Segment Start: DATASET RECORDS
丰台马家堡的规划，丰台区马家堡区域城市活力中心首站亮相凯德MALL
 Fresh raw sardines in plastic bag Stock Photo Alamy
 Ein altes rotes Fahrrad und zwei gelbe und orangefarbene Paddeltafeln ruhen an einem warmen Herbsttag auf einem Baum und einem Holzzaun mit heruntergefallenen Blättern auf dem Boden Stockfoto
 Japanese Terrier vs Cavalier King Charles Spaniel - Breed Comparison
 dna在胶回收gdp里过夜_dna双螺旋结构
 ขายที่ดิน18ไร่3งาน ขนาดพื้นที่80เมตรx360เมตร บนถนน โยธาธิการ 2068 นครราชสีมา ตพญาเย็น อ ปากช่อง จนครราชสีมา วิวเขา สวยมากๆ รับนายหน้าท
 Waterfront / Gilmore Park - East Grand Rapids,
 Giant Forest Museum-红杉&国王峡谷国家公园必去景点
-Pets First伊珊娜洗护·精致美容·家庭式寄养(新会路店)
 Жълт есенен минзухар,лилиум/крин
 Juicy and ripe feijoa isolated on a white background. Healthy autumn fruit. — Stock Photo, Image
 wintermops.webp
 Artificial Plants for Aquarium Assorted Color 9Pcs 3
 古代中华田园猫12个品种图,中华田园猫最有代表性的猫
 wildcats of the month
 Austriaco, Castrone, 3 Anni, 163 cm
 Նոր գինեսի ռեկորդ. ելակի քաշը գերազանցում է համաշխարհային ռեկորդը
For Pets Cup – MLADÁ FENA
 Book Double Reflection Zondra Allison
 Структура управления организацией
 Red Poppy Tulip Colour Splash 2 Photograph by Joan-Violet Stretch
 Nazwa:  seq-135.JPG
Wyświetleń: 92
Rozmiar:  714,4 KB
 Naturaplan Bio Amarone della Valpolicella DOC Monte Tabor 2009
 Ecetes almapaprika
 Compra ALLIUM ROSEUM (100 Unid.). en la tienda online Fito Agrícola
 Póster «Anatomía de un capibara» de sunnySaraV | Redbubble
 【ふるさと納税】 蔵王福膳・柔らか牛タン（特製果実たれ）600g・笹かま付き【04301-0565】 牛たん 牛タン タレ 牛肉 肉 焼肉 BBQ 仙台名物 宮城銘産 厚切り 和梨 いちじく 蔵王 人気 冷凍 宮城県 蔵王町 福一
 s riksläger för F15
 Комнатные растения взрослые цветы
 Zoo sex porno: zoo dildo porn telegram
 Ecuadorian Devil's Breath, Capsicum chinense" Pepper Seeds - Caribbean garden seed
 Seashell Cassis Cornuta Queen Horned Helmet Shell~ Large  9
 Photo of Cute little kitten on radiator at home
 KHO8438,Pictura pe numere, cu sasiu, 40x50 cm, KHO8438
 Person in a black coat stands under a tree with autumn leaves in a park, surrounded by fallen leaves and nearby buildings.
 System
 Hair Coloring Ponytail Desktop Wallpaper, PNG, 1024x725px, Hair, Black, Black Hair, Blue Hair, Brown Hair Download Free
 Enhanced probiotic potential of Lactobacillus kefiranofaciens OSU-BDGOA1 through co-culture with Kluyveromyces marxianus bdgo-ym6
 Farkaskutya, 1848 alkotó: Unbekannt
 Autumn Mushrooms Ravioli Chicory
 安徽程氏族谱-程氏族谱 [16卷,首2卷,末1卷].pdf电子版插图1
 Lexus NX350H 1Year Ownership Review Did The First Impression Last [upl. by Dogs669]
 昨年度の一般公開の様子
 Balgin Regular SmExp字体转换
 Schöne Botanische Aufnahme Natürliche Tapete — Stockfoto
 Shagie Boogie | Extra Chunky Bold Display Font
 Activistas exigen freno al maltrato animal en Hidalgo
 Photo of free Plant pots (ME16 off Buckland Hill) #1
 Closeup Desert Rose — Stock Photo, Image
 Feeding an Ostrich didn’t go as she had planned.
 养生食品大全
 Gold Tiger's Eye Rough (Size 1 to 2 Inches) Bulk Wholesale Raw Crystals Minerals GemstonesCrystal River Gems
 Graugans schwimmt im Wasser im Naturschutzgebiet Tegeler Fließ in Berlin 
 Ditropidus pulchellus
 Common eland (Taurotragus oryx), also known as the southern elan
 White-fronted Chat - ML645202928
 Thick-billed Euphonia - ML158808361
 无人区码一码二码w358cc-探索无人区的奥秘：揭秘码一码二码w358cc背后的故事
Segment End: DATASET RECORDS
### TO DO
Each line from the start of the listing above through the line containing "Seashell Cassis Cornuta" should be copied exactly, please, with no other lines added.

### SOLUTION TO THIS EXERCISE
丰台马家堡的规划，丰台区马家堡区域城市活力中心首站亮相凯德MALL
 Fresh raw sardines in plastic bag Stock Photo Alamy
 Ein altes rotes Fahrrad und zwei gelbe und orangefarbene Paddeltafeln ruhen an einem warmen Herbsttag auf einem Baum und einem Holzzaun mit heruntergefallenen Blättern auf dem Boden Stockfoto
 Japanese Terrier vs Cavalier King Charles Spaniel - Breed Comparison
 dna在胶回收gdp里过夜_dna双螺旋结构
 ขายที่ดิน18ไร่3งาน ขนาดพื้นที่80เมตรx360เมตร บนถนน โยธาธิการ 2068 นครราชสีมา ตพญาเย็น อ ปากช่อง จนครราชสีมา วิวเขา สวยมากๆ รับนายหน้าท
 Waterfront / Gilmore Park - East Grand Rapids,
 Giant Forest Museum-红杉&国王峡谷国家公园必去景点
-Pets First伊珊娜洗护·精致美容·家庭式寄养(新会路店)
 Жълт есенен минзухар,лилиум/крин
 Juicy and ripe feijoa isolated on a white background. Healthy autumn fruit. — Stock Photo, Image
 wintermops.webp
 Artificial Plants for Aquarium Assorted Color 9Pcs 3
 古代中华田园猫12个品种图,中华田园猫最有代表性的猫
 wildcats of the month
 Austriaco, Castrone, 3 Anni, 163 cm
 Նոր գինեսի ռեկորդ. ելակի քաշը գերազանցում է համաշխարհային ռեկորդը
For Pets Cup – MLADÁ FENA
 Book Double Reflection Zondra Allison
 Структура управления организацией
 Red Poppy Tulip Colour Splash 2 Photograph by Joan-Violet Stretch
 Nazwa:  seq-135.JPG
Wyświetleń: 92
Rozmiar:  714,4 KB
 Naturaplan Bio Amarone della Valpolicella DOC Monte Tabor 2009
 Ecetes almapaprika
 Compra ALLIUM ROSEUM (100 Unid.). en la tienda online Fito Agrícola
 Póster «Anatomía de un capibara» de sunnySaraV | Redbubble
 【ふるさと納税】 蔵王福膳・柔らか牛タン（特製果実たれ）600g・笹かま付き【04301-0565】 牛たん 牛タン タレ 牛肉 肉 焼肉 BBQ 仙台名物 宮城銘産 厚切り 和梨 いちじく 蔵王 人気 冷凍 宮城県 蔵王町 福一
 s riksläger för F15
 Комнатные растения взрослые цветы
 Zoo sex porno: zoo dildo porn telegram
 Ecuadorian Devil's Breath, Capsicum chinense" Pepper Seeds - Caribbean garden seed
 Seashell Cassis Cornuta Queen Horned Helmet Shell~ Large  9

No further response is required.